Curtis grew up to become King Cuz. A gangster well respected for his brain and his derring-do. His set, the Rollin’ Paper Chasers, was the first gang to have trained medics at their rumbles. A shoot-out would pop off at the swap meet and the stretcher-bearers would cart off the wounded to be treated in some field hospital set up behind the frontlines. You didn’t know whether to be sad or impressed. It wasn’t long after that innovation that he applied for membership to NATO.
Everybody else is in NATO. Why not the Crips? You going to tell me we wouldn’t kick the shit out of Estonia?

No doubt, nigger.

“I need to talk to you about a couple of things.”

“No doubt, nigger.”

“But not in here.”

Cuz lifted me by the shirtsleeve and escorted me out the door and into the hazy Hound of the Baskervilles night. It’s always a shock to have the day turn to dark without you, and we both paused to let the warm wet mist and the silence settle on our faces. Sometimes it’s hard to tell what’s more interminable, prejudice and discrimination or the goddamn meetings. Cuz made half a fist, examined his long, manicured nails, then raised one heavily teased eyebrow and smiled.

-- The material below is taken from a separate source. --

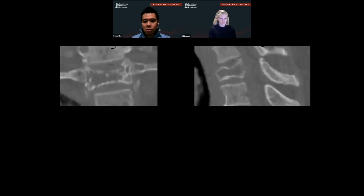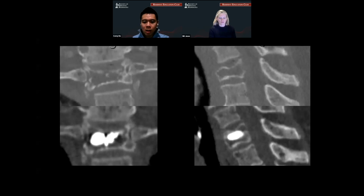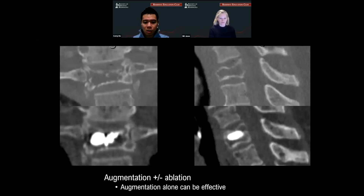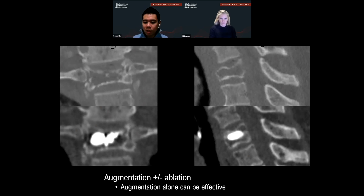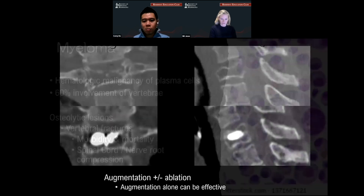Here are the images of the case before, and here are the images after we were able to put some cement in. The trick here — we know it's multiple myeloma — is that augmentation works very well for patients like this. Ablation can also work, but both can be effective. You don't have to ablate is basically the point.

“First thing is ‘bringing back Dickens.’ Fuck what the rest of them niggers who ain’t from the hood say, I’m thoroughly with that shit. It ain’t but a couple of us in there, but the Dum Dums who from Dickens wasn’t laughing. So set that off, cuz, because if you think about it, why can’t black people have their own Chinese restaurants?”

“No doubt, nigger.”

Then I did something I never thought I’d do. I engaged King Cuz in conversation, because I had to know, even if it cost me my life or, at the very least, what little cachet I had as the neighborhood’s resident “quiet motherfucker.”

“I have to ask you something, King Cuz.”

“Call me Cuz, cuz.”

“All right, Cuz. Why do you go to these meetings? Shouldn’t you be out slanging and banging?”

“It used to be I’d go to listen to your father. Rest in peace, that nigger ran deep, for real. But now I go just in case these Dum Dum niggers get the notion to actually set foot in the hood, blowing the spot up and all. That way I can at least give the homies some Paul Revere–like advance notice. One if by Land Cruiser. Two if by C-class Mercedes. The bougies are coming! The bougies are coming!”

“Who’s coming where?” It was Foy. Meeting over, he and the other wereniggers were piling into their cars. Making ready for a prowl on the town. Curtis “King Cuz” Baxter didn’t bother to answer Foy. He simply spun on his Converse heels and pimp-walked into the blurry night. Listing hard to the right like a drunken seaman with an inner ear infection. He shouted back at me, “Think about them black Chinese restaurants. And get some pussy. You’re too damn high-strung.”

“Don’t listen to that man, pussy is overrated.”

As I unhitched and mounted my horse, Foy thumbed open two bottles of prescription pills and spilled three white tablets into his hand.

“Point zero zero one,” he said, jiggling the tablets in his palm to make sure I’d see them. Zoloft and Lexapro.

“What, the dosage?”

“No, my fucking Nielsen ratings. Your dad used to think I was bipolar, but what I really am is by myself. Sounds like you are, too.”